There's variance in the rate of coming-apart, sure. There are outliers, like Unitarian Universalism, which remains more or less stable. But among the oldline, it's consistent and replicable, the sort of result that marks something.
Critical thinking is all well and good, if it serves a purpose. But tearing down for the sole purpose of tearing down is the opposite of faith. That sort of criticism requires an existential distance between the critic and the thing they are criticizing, a separation of the deconstructor and the construct they are subverting. It requires remove. Abstraction. And a "faith" that is abstracted is not faith.
If we have faith, then that faith defines us. It is a relationship that establishes meaning. It determines and frames our understanding of the good. Wisdom requires us to test that faith, of course, to assess whether or not that faith is true to its purpose. For the Christian, that requires us to trim away that which is hateful, graceless, and unjust. It requires us to have a sense of the life and geist of the Way. For Jesus folk, that's Christ and his teachings.
As a Christian, I do not stand above this, or separate from it. I do not analyze it as an academic, or criticize it as an activist. I strive to live it out.
Though I acknowledge the complex reality of the process by which the Gospels themselves were made, the vagaries of oral and written traditions, the work of editors, the challenges of translation, and the influences of cultural context, that does not change the dynamics of my faith. Jesus is the teacher, and I am the disciple. The Gospel remains the measure against which I determine the value my actions.
If I fail to do this, my faith ceases to be the center around which I integrate my life. That is when faith disintegrates, when I cease to be. It isn't conservative, because it tears down all that comes before. But neither is it progressive, because it is so busy attacking what is that it accomplishes nothing.
There was a moment all those years ago back in Louisville that still sticks with me. We'd spent an entire morning discussing and deconstructing and lamenting, which was occasionally empowering, but often just kinda felt like complaining about church. Finally, finally, we had turned to establishing what we hoped to do. What did it mean to be Presbyterian and Emergent? What was our vision? What was the future we hoped to bring into reality? What values united us in common purpose?
We shared those things together, laying out what it was that we yearned to build. We created a statement that named that thing, one that set us towards a future of the movement within the church. It was a moment of shared dreaming, in which we found our commonalities. It felt, for a brief moment, exciting. Like the stirring of the Spirit, like the beginning of a New Thing.

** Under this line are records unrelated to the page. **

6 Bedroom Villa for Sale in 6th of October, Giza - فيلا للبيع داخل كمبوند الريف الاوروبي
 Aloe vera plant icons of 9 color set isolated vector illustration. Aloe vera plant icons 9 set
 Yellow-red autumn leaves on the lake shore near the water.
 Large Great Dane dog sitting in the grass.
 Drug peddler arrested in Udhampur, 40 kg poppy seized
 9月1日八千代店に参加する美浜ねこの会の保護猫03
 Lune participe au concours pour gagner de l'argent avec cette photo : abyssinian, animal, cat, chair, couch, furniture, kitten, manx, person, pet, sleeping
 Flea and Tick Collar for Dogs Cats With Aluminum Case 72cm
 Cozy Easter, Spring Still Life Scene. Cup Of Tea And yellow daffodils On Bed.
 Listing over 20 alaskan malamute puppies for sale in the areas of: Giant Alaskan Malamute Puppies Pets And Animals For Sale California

By the end of that afternoon, we had found a roadmap to Presbymergent's purpose. It was still rough around the edges, but so were we, and that was part of the appeal. We had started to build, to create, to live something new together.
Then one participant announced, seemingly out of nowhere, that this was unacceptable. That it constrained us. That we were building a new orthodoxy. That we couldn't allow ourselves to be confined or defined. We had to tear it down. It must be deconstructed, in this case, quite literally.
"We have to burn this," he said. "Who has a lighter?"
I was aghast, but I was also an outlier. I should have spoken up, but I was an introvert among a group I only kinda sorta knew. So that was what the group did, as I watched. Our efforts were turned to ashes, and the wind carried them away.
It was the moment that Presbymergent failed the Gamaliel test. Well, the first moment. We did a whole bunch wrong after that, too.
But for me, it was a mark of deconstructions' nature, and a warning to those communities that choose to uncritically embrace it. The fruits of unbounded deconstruction are self-annihilation. It is not the friend of newness, or creativity, or faith.